= Obiit =

In medieval Christianity, an obiit was an annual endowed service commemorating the dead. Feast days for patron saints were often reserved for endowed masses associated with the obiit, sometimes in a chantry.

==Background==
The practice has its origin in the recitation of the names of living and dead Christians (part of the intercessory prayers of the Canon of the Mass). As these lists grew in length separate ceremonies became necessary.

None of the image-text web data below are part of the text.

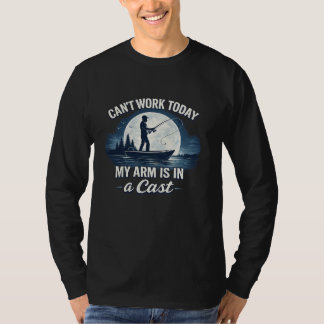 Can’t Work Today – My Arm Is in a Cast | Funny Fis T Shirt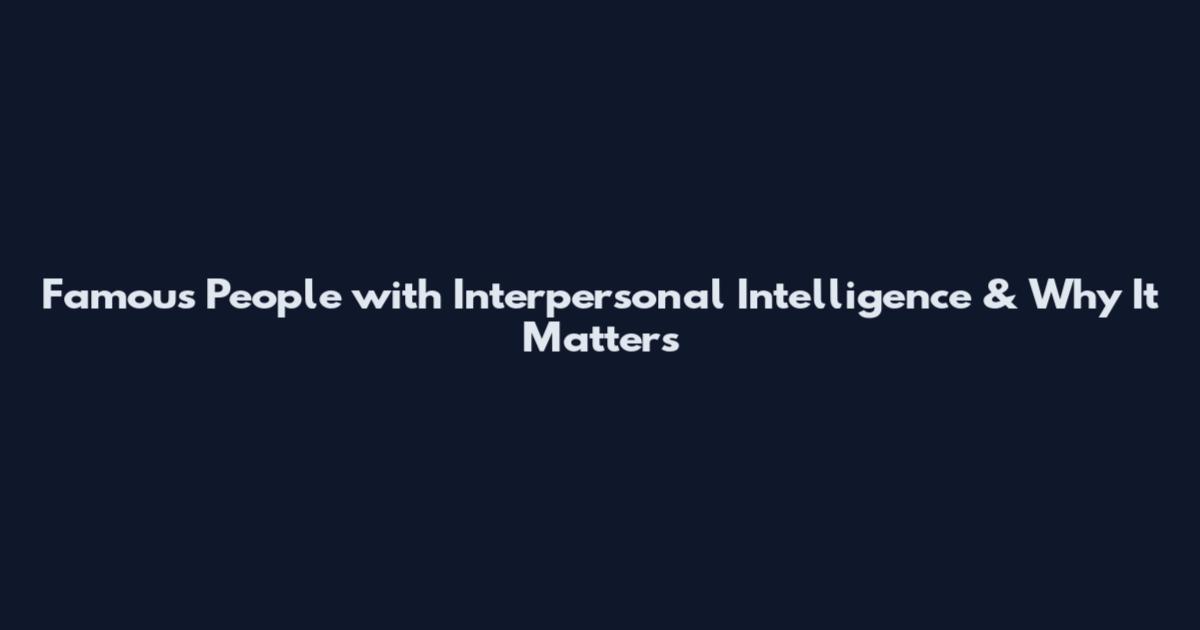 Famous People with Interpersonal Intelligence & Why It Matters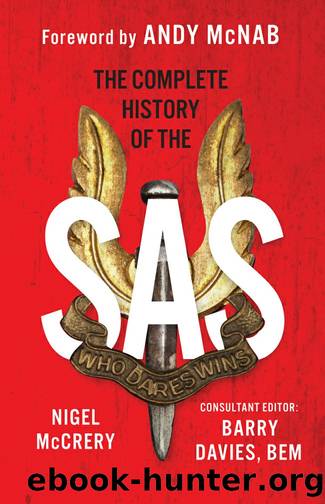 The Complete History of the SAS by Nigel McCrery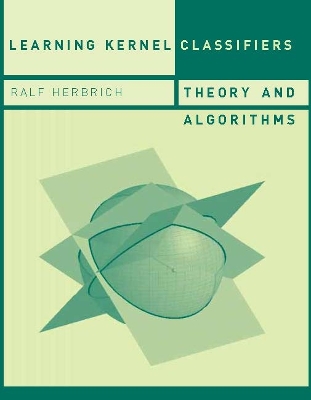 Learning Kernel Classifiers â€“ Theory and Algorithms: Theory and Algorithms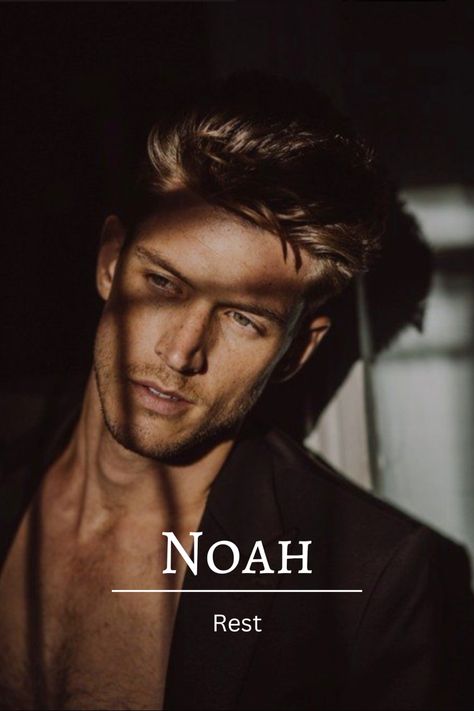 Guy Names With Meaning, Noah Meaning, Male Names Aesthetic, Aesthetic Male Names, Guy Names Unique, Edgy Boy Names, Noah Name, Writing Story, Fantasy Character Names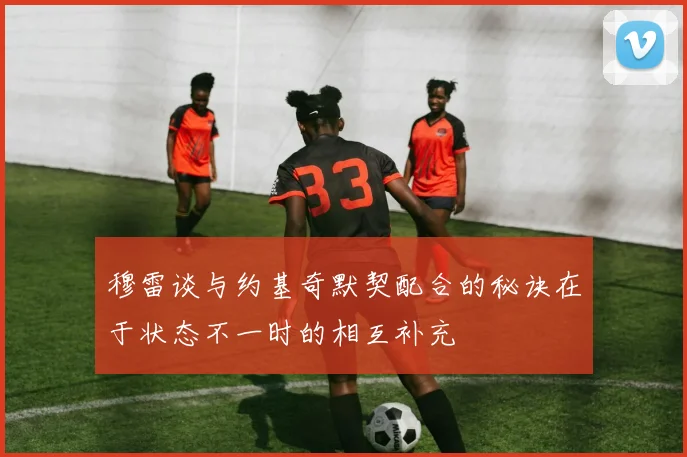 穆雷谈与约基奇默契配合的秘诀在于状态不一时的相互补充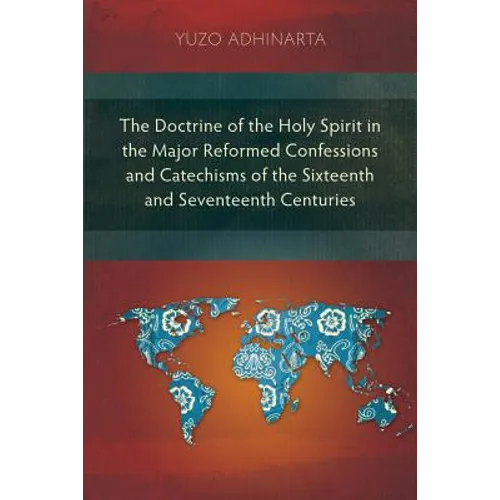 The Doctrine of the Holy Spirit in the Major Reformed Confessions and Catechisms of the Sixteenth and Seventeenth Centuries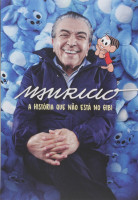 Maurício - A história que não está no gibi 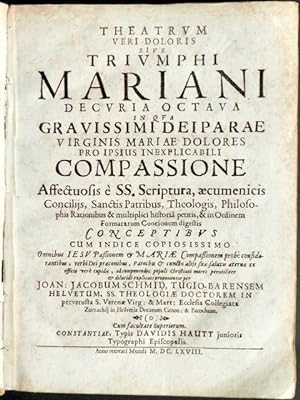 Theatrum Veri Doloris Sive Triumphi MARIANI Decuria Octava, In Qua Gravissimi Deiparae Virginis M...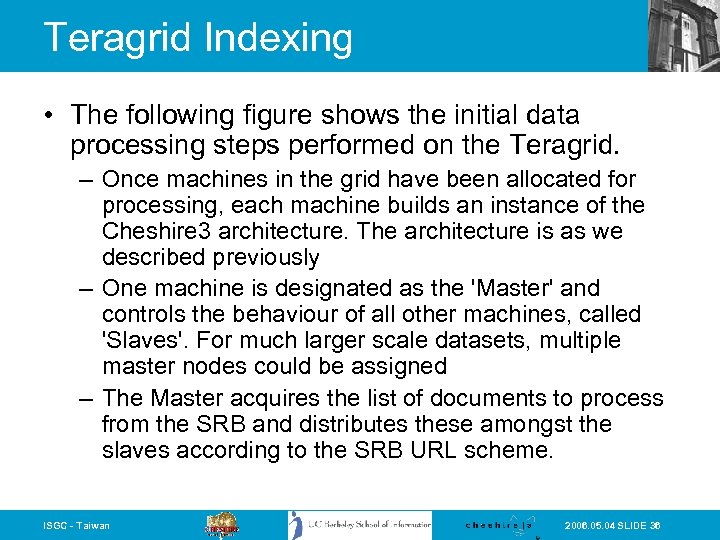 Teragrid Indexing • The following figure shows the initial data processing steps performed on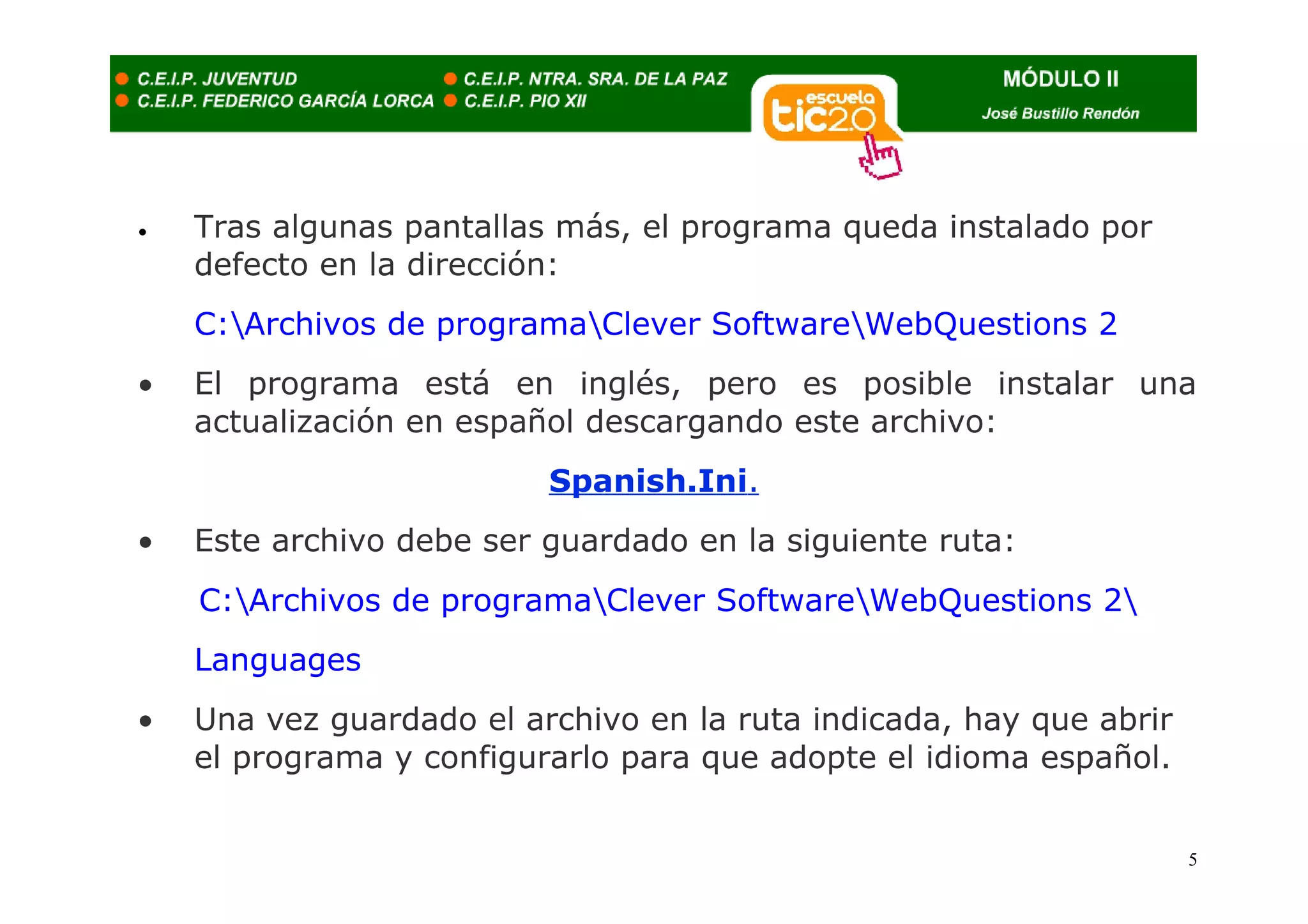 •   Tras algunas pantallas más, el programa queda instalado por
    defecto en la dirección:
    C:Archivos de programaClever SoftwareWebQuestions 2
•   El programa está en inglés, pero es posible instalar una
    actualización en español descargando este archivo:
                          Spanish.Ini.
•   Este archivo debe ser guardado en la siguiente ruta:
    C:Archivos de programaClever SoftwareWebQuestions 2
    Languages
•   Una vez guardado el archivo en la ruta indicada, hay que abrir
    el programa y configurarlo para que adopte el idioma español.


                                                                     5
 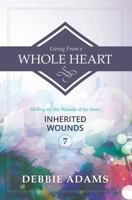 Living from a Whole Heart: Healing the Six Wounds of the Heart 1500315680 Book Cover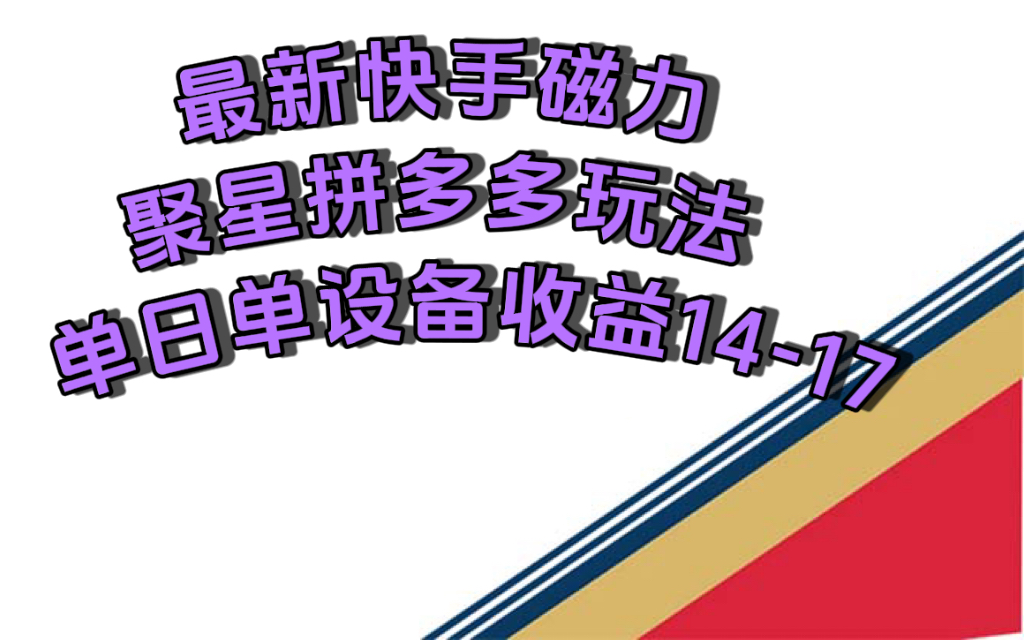最新快手磁力聚星撸拼多多玩法，单设备单日收益14—17元创业之家-网创项目资源站-副业项目-创业项目-搞钱项目创业之家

Though many obiit vigils were of the endowed sort, more modest collective obiit was available for parishioners who could not afford an endowment.

==Liturgy==

The liturgy used for obiit ceremonies with the Office and Mass for the Dead. It began with Vespers and Matins followed by Commendations. At dawn a series of psalms and prayers were read, then before the final Requiem Mass service, there might be a procession to the grave of the deceased.

==Food and drink==
Like most medieval social and community gatherings, shared food and drink were a feature of many obiit vigils. Guilds gathered for the obiit vigils of their members and benefactors, and shared food and drink were common place at these gatherings. Bread, cheese and ale were given out in the guild chapel at an obiit held in 1442 for the parker of Fulbrook (meaning park-keeper in Middle English) at the guild of the Holy Cross at Stratford-upon-Avon. In 1533 cakes, comfits, wine, ale and cheese were distributed at The Trinity Guild of Coventry for the obiit of alderman Nicholas Burwey.